I didn’t want to see Selma because I was raised on the Civil Rights Movement and know EVERYTHING I need to know about it. I’m sick of the same old stories and all the “We Shall Overcome”-ness of the nostalgia. Because now that the smoke has cleared, our overcoming has given us its ass to kiss.
But I was so wrong about this movie. I watched it in protest as I twisted my locks, also in protest. My husband came home while I was watching and said “I thought you didn’t want to watch that”. I said, “I don’t and I’m crying and it’s SO GOOD”.
I live in England now and I’m shocked by how seeing a bunch of Black Americans standing up for themselves in the face of adversity makes me cry. Ferguson, NY, #BlackLivesMatter have seen an tsunami of my tears and had clapping like Squeek in The Color Purple when she sees Nettie across the field and has all that joy for Celie. "Yass, Yass!“ hands clapped in front of mouth, tears rolling down my cheeks.
That’s how Selma made me feel. That’s my blood, you see. My family migrated north to Chicago from Jackson, Miss in the 30’s. My grandma who didn’t leave the house much took me to vote with her for Harold Washington. I know how important it is to vote. I didn’t vote this year for the first time in my life. I’d bungled the absentee ballot and missed my chance. It’s a shame I’ll have to live with for a few years. I’ll get over it, but I feel it.

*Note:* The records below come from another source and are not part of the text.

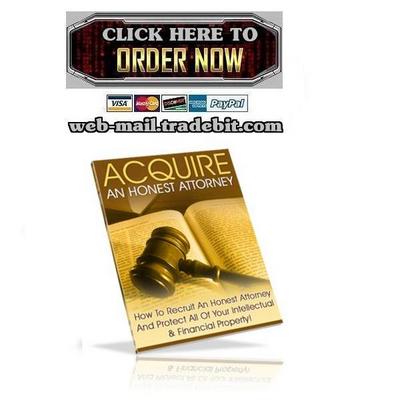 Product picture Acquire An Honest Attorney 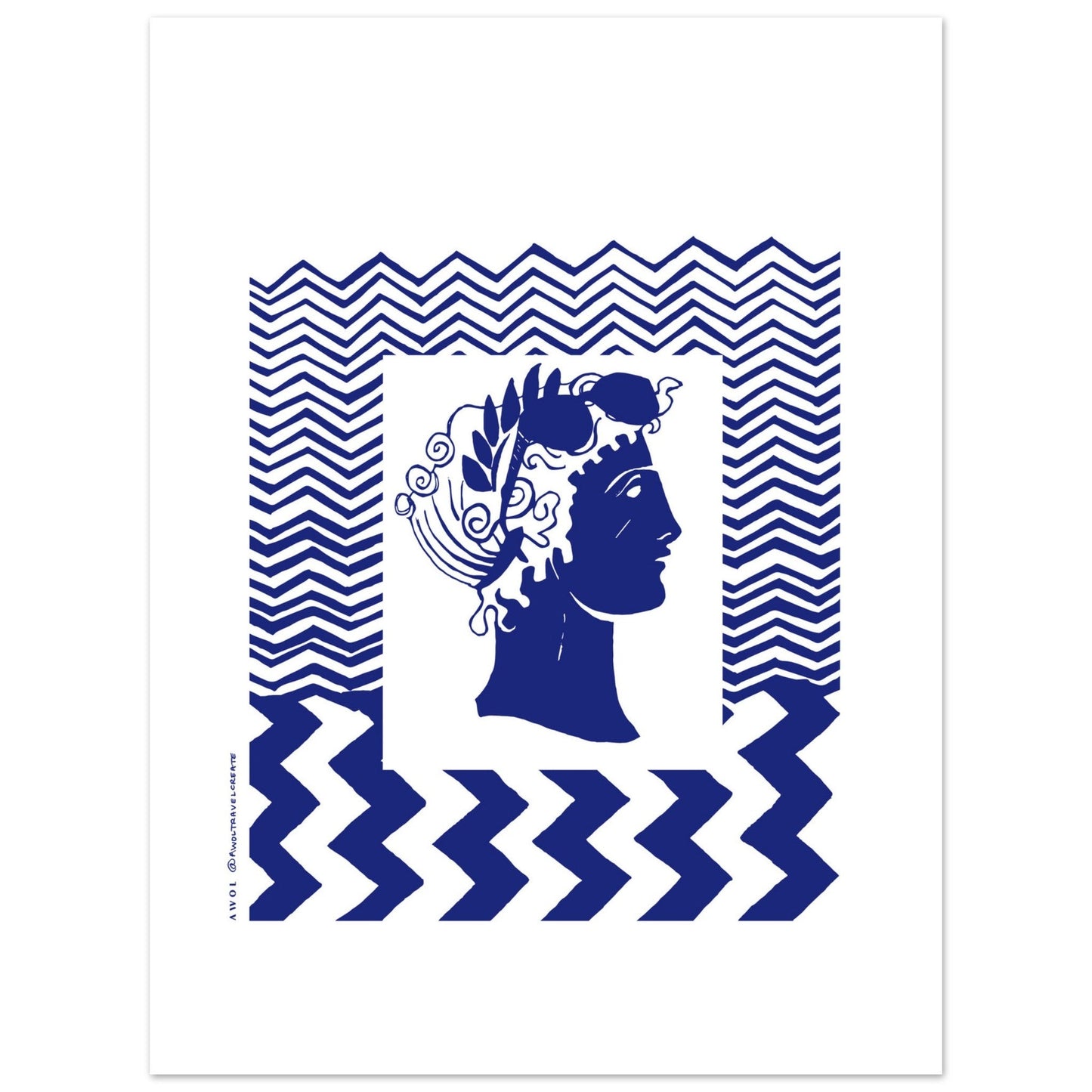 Beach Wall Art, Man Looking At The Sea, Modern Portrait Poster Print - Creations Awol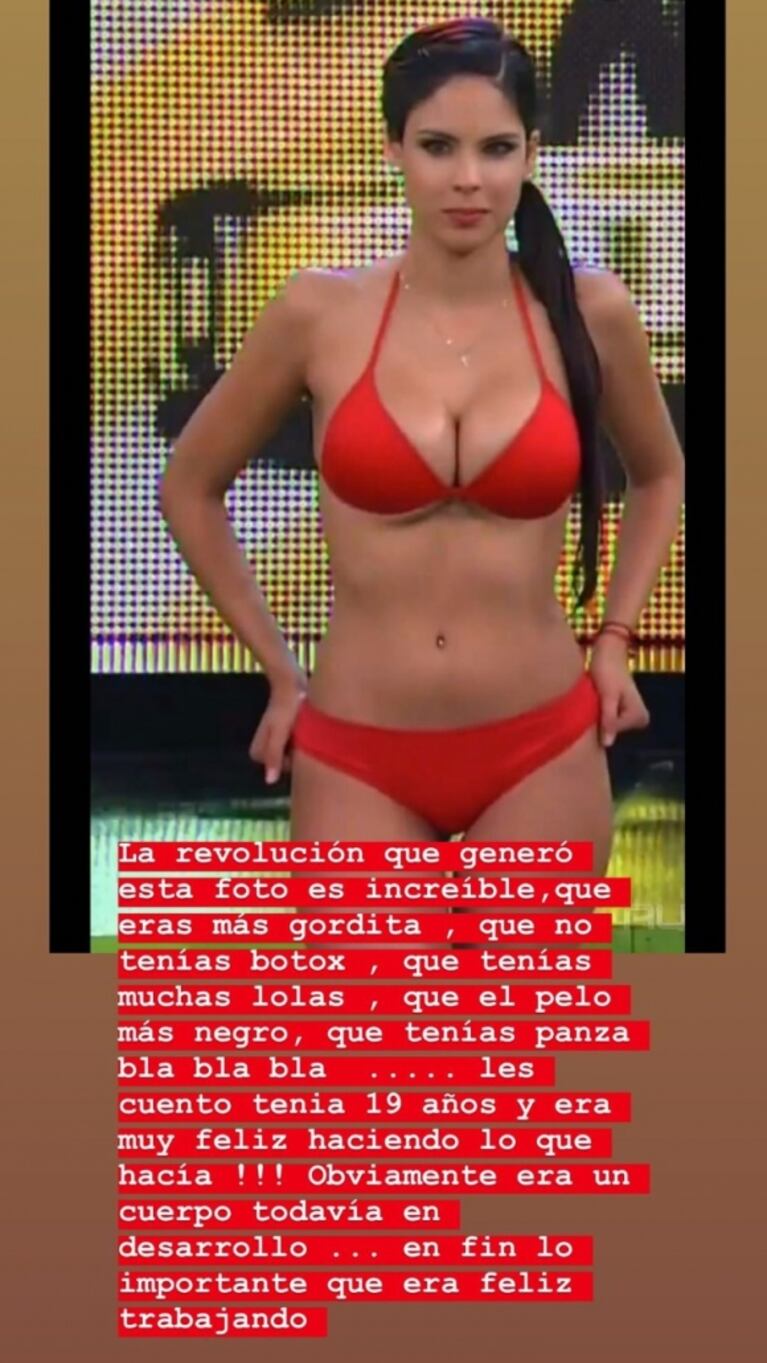 Fuerte descargo de Barby Franco tras las críticas por una foto: "Tenía 19 y lo importante es que era feliz” 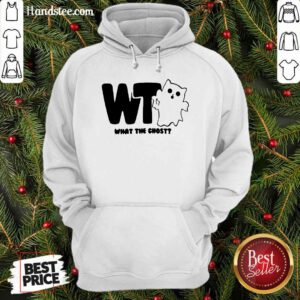 What The Ghost Dark Hoodie- Design By Handstee.com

Seeing all those beautiful, brilliant, brave Blacks please me greatly. When Lorraine Toussaint’s character tells Coretta that her blood has prepared her for anything life can throw at her, that’s my mantra. Everyday when systematic racism makes me think I won’t get hired for a job, or nobody wants to hear what I have to say, I tell myself that somebody survived a holocaust, several of them, for me to be here and to even have the nerve to sit at a magical typing box and say what I feel.
I’m very grateful for watching that. I’m so proud of Ava. What a beautiful job.
And didn’t that lady look just like Coretta? Just. Like. Coretta.